Votre modèle de « République des jours heureux » se veut convivial et accessible à tous. Comment faire pour que Françaises et Français puissent acheter des produits moins polluants et réduire leur empreinte écologique ?
Il faut que notre fiscalité soit entièrement adaptée. Je souhaite en particulier que les produits les plus vertueux pour le climat bénéficient de taux de TVA réduits. De plus, il est essentiel que notre pays s’engage dans une politique très volontariste de réindustrialisation. En effet, notre empreinte carbone a très fortement augmenté du fait du développement massif de nos importations à partir de pays qui produisent leurs produits sur la base d’énergies très carbonées, en particulier de centrales à charbon.
Fabien Roussel, estimez-vous qu’il y ait un sens à interdire les publicités pour les produits polluants? Selon vous, la France devrait-elle prendre des mesures contre les entreprises qui ne s’aligneraient pas sur la trajectoire de l’Accord de Paris ?
Oui, tout à fait.
Quelle place accordez-vous à la voiture individuelle (électrique ou autre motorisation), notamment dans les zones rurales ? Et pour les transports en commun ?

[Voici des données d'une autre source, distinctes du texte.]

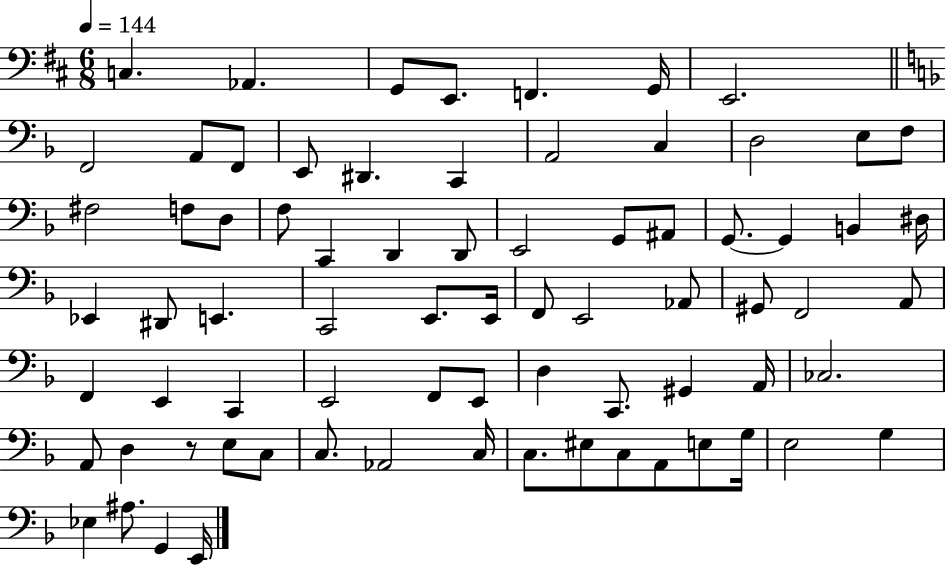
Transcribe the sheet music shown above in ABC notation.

X:1
T:Untitled
M:6/8
L:1/4
K:D
C, _A,, G,,/2 E,,/2 F,, G,,/4 E,,2 F,,2 A,,/2 F,,/2 E,,/2 ^D,, C,, A,,2 C, D,2 E,/2 F,/2 ^F,2 F,/2 D,/2 F,/2 C,, D,, D,,/2 E,,2 G,,/2 ^A,,/2 G,,/2 G,, B,, ^D,/4 _E,, ^D,,/2 E,, C,,2 E,,/2 E,,/4 F,,/2 E,,2 _A,,/2 ^G,,/2 F,,2 A,,/2 F,, E,, C,, E,,2 F,,/2 E,,/2 D, C,,/2 ^G,, A,,/4 _C,2 A,,/2 D, z/2 E,/2 C,/2 C,/2 _A,,2 C,/4 C,/2 ^E,/2 C,/2 A,,/2 E,/2 G,/4 E,2 G, _E, ^A,/2 G,, E,,/4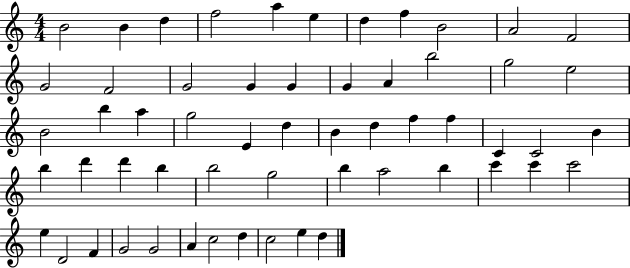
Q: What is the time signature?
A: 4/4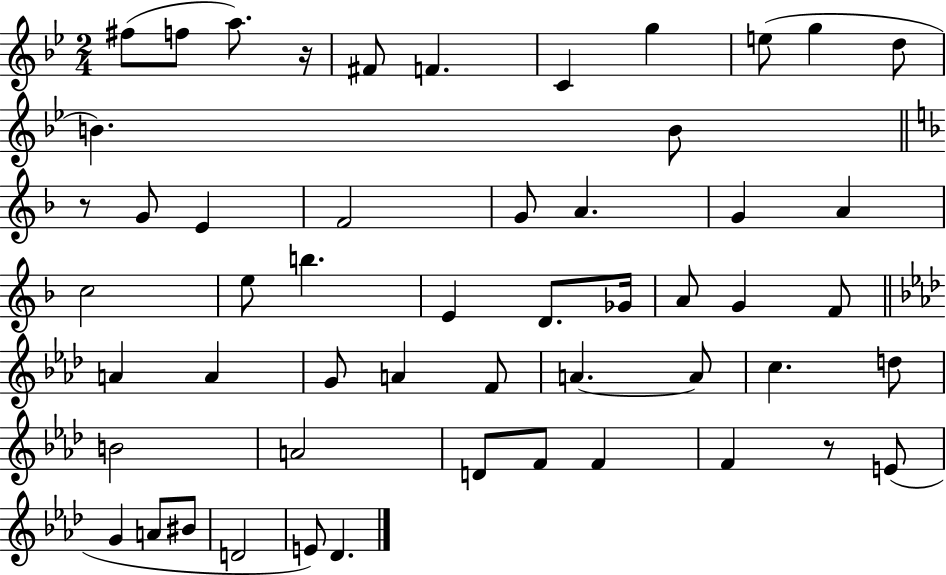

En matière de mobilité, il faut investir massivement pour rendre les trajets moins polluants. Cela passe par le développement du rail, des transports urbains et du vélo. Mais cela ne pourra concerner qu’environ 20% des kilomètres parcourus en automobile. Dans les zones périurbaines et rurales, la voiture restera incontournable à long terme. Il est donc essentiel de faire évoluer l’automobile. Le véhicule de demain sera électrique et moins lourd, pour consommer moins d’énergie, et de l’énergie décarbonée.
Quel regard portez-vous sur les initiatives citoyennes telles que la Convention citoyenne pour le climat et le référendum d’initiative citoyenne ? Fabien Roussel président pourrait-il faire appel à ce processus ?
Il s’agit d’initiatives très positives. Pour faire avancer la lutte contre le réchauffement climatique, les initiatives citoyennes sont essentielles.